Timaeus Update November 2023
A quick round of updates from the past month:
- We ran the DevInterp conference and had a lot of fun, made headway on some projects, and seeded new research collaborations. You can watch the lectures here. To highlight one talk, here’s an update on the projects we’re currently finishing up where we investigate the development of structure in a family of transformers trained to do linear regression.
- We followed this up with a smaller workshop on linear logic involving senior researchers from around Europe. This is relevant to a research direction we’re pursuing that we call “Geometry of Program Synthesis,” where we hope to probe the relationship between loss landscape geometry and computational structure in easier-to-understand settings outside NNs.
- We put out a bunch of writing. A comprehensive review of generalization theory. A distillation on the development of structure in the toy models of superposition. And some helpful details on learning coefficient estimation.).

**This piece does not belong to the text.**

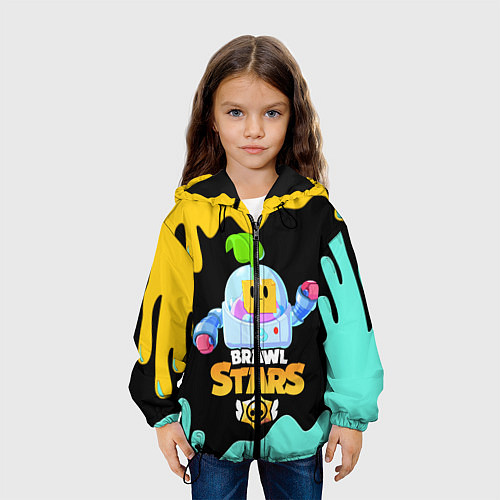 Детская куртка BRAWL STARS SPROUT / 3D-Черный – фото 3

There was also a great discussion in the comments following Joar Skalse’s critiques of SLT.
Over the next month:
- We’re working hard towards ICML. We’re planning on finishing two of the projects we’re currently working on for this deadline:
- “ICL 1”, which studies the development of in-context learning in transformers trained to perform linear regression, where we find a strong connection between changes in geometry and changes in computational structure,
- “Quantifying Degeneracy 2”, a follow-up to Lau et al. (2023) which advances the techniques we’re developing for estimating learning coefficients and other properties of the local loss landscape.
- We’ll also be publishing a research agenda we call “Geometry of Program Synthesis”, with a first example coming out of a set of notes known internally as SLT40, which argues that “simplicity bias = speed bias” (sort of).